→ **Task brief**
From the entries that follow, gather each line holding the word "Photo".

→ **Given data**
☆ ☆ ☆ ☆ ☆
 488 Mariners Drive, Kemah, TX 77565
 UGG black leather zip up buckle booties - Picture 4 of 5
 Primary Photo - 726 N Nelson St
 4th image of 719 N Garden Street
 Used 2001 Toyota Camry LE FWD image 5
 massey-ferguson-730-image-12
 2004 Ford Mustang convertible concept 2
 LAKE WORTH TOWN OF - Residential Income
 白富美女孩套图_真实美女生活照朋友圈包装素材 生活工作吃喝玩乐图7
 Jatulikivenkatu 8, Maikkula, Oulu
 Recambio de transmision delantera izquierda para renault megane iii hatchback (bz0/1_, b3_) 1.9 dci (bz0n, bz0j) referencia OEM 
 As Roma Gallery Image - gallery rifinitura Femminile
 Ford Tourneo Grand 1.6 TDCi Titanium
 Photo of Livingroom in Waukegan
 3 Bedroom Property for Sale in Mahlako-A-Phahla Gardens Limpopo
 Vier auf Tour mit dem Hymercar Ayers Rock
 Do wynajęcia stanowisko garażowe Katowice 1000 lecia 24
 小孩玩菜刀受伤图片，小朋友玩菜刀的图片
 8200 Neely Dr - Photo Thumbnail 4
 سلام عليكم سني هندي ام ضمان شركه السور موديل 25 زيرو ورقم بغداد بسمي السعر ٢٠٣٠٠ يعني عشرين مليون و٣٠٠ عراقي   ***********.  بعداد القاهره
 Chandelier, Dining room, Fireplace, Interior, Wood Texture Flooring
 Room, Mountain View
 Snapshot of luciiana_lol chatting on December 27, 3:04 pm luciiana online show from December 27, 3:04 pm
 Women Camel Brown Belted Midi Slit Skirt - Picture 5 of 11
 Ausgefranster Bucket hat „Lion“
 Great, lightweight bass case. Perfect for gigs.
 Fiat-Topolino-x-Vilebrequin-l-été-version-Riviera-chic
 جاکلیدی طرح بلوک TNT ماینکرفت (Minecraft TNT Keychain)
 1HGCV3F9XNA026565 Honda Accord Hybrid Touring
☆ ☆ ☆ ☆ ☆
→ **Solution to this exercise**
 Primary Photo - 726 N Nelson St
 Photo of Livingroom in Waukegan
 8200 Neely Dr - Photo Thumbnail 4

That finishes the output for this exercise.